(SUPPLIED RECORDS)
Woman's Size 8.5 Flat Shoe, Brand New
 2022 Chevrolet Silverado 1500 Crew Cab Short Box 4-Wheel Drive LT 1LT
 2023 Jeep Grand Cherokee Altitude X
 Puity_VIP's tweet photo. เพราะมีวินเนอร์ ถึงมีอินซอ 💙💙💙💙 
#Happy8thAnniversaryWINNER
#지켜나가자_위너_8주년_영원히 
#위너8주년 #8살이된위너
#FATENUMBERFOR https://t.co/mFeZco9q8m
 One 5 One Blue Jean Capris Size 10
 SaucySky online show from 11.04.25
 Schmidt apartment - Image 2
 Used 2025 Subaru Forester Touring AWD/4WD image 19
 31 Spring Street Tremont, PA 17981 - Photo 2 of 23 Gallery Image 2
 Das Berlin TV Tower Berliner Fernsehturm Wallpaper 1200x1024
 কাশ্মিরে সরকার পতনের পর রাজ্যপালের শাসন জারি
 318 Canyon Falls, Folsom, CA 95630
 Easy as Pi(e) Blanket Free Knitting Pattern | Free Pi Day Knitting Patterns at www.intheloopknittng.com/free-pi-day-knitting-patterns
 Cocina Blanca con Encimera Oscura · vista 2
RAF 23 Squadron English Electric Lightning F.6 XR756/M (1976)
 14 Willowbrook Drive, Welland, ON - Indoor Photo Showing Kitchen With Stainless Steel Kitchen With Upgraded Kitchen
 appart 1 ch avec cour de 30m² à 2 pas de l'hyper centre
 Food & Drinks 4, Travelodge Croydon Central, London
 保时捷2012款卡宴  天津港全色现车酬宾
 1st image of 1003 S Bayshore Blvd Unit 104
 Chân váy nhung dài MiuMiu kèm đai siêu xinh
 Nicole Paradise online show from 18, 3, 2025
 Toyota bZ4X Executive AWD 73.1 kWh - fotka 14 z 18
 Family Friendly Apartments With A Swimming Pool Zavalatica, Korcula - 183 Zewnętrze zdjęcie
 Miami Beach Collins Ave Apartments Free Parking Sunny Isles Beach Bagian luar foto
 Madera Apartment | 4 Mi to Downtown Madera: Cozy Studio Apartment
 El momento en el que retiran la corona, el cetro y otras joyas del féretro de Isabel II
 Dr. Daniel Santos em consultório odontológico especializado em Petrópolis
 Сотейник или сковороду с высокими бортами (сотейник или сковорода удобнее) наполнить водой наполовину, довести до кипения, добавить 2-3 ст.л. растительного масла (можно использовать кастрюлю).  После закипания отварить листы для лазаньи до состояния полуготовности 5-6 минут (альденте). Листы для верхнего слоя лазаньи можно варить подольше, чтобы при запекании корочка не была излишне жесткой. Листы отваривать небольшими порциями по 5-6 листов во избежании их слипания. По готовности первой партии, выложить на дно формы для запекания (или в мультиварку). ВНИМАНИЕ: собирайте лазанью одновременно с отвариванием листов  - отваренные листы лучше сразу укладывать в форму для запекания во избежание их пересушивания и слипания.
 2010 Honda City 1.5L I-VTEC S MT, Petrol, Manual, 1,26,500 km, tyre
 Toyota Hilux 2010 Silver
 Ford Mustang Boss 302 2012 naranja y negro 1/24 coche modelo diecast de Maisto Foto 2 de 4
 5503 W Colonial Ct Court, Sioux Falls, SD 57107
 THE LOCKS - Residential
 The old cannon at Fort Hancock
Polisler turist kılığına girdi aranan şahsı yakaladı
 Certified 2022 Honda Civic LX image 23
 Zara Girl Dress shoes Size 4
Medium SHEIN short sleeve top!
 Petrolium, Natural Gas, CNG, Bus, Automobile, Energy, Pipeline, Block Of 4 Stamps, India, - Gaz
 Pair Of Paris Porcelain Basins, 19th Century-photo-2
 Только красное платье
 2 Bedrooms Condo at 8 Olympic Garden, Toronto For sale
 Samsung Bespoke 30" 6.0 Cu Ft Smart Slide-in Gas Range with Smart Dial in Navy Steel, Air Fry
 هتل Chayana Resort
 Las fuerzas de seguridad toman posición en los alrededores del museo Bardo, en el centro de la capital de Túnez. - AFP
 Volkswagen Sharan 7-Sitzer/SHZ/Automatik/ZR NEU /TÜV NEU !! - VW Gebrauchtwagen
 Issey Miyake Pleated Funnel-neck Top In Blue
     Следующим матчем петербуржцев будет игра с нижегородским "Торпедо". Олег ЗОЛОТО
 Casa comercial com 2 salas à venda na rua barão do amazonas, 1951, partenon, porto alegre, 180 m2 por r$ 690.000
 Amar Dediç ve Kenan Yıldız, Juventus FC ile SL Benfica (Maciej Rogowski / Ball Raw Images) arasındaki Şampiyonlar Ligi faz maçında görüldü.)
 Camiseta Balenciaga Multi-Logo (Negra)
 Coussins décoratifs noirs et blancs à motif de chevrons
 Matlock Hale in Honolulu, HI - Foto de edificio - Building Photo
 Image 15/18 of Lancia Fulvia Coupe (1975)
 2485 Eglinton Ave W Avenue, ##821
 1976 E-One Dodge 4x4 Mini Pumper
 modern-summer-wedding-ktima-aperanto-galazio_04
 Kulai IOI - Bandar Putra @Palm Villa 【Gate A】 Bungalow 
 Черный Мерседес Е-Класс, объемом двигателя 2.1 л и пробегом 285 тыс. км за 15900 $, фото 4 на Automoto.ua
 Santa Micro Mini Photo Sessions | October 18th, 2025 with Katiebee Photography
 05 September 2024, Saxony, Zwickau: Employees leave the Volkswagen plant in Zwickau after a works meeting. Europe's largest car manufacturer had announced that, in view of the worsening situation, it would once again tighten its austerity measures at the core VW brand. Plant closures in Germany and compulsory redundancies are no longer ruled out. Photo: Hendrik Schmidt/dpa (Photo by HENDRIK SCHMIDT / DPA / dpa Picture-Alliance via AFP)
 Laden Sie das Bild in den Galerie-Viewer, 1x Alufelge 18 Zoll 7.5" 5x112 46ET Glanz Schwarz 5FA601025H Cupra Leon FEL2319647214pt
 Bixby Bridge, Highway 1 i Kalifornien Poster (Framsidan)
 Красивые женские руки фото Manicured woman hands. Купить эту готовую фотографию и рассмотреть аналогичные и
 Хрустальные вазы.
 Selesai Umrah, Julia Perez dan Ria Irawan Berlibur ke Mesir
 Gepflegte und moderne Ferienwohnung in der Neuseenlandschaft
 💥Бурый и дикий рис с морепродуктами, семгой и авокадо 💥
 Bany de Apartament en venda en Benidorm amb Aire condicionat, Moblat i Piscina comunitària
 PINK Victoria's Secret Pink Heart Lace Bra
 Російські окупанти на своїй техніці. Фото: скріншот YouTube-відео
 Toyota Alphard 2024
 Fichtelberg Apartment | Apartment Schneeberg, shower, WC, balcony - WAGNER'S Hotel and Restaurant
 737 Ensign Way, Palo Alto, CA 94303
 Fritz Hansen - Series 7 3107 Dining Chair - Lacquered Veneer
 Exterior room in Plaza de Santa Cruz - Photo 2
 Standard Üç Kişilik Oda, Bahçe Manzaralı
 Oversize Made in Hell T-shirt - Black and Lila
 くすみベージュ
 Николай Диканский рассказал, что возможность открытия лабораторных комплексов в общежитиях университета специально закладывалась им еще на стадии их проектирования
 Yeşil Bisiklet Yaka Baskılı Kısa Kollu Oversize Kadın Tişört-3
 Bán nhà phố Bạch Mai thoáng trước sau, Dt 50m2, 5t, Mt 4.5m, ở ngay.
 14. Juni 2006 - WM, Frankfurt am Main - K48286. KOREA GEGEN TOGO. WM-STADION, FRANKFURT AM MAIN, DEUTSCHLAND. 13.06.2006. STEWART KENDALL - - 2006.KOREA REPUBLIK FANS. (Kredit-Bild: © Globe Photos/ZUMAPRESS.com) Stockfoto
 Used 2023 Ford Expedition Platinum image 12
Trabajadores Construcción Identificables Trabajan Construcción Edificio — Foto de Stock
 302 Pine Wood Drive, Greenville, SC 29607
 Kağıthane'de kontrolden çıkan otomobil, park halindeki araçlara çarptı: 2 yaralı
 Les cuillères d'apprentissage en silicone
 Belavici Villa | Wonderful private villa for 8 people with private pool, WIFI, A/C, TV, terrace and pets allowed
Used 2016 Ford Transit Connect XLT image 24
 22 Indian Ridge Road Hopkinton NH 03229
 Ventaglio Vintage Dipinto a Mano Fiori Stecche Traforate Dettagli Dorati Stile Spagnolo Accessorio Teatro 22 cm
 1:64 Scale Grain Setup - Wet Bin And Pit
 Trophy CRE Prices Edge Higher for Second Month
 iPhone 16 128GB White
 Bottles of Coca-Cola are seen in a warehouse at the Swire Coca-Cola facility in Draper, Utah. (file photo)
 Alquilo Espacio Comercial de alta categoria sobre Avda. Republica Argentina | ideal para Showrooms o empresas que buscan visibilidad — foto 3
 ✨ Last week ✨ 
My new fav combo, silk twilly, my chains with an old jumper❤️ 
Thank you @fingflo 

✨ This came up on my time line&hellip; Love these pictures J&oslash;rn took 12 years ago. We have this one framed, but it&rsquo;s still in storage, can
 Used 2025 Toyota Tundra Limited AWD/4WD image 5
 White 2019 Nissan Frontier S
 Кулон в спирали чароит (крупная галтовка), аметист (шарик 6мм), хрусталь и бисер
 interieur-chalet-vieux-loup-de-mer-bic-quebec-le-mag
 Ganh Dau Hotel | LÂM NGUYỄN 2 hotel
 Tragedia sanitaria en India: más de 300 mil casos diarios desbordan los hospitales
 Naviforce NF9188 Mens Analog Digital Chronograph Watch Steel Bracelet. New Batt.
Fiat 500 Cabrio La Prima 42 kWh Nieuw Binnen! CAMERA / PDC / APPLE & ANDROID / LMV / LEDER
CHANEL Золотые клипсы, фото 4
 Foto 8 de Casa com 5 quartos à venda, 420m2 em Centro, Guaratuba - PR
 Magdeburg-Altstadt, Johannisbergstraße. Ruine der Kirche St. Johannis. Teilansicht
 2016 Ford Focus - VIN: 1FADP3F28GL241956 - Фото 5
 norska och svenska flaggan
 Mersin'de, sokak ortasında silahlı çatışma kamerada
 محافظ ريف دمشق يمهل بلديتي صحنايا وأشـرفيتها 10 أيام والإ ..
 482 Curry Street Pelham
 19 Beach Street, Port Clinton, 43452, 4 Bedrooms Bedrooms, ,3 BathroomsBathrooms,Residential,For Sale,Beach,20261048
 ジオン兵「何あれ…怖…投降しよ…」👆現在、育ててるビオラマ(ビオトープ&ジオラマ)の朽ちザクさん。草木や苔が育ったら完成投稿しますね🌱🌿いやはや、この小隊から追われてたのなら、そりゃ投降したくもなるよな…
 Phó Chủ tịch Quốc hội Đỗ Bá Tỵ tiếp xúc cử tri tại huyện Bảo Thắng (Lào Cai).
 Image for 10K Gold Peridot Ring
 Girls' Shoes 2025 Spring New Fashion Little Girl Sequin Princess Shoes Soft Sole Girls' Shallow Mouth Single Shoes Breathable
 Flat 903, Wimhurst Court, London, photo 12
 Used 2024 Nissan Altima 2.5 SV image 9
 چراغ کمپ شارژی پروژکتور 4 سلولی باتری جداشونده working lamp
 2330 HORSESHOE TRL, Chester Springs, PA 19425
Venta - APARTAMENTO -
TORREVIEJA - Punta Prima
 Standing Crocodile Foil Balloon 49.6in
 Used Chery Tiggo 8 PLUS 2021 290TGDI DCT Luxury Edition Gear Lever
(End SUPPLIED RECORDS)
On how many lines of the data does the word "Nissan" appear? Reply with the number alone.

2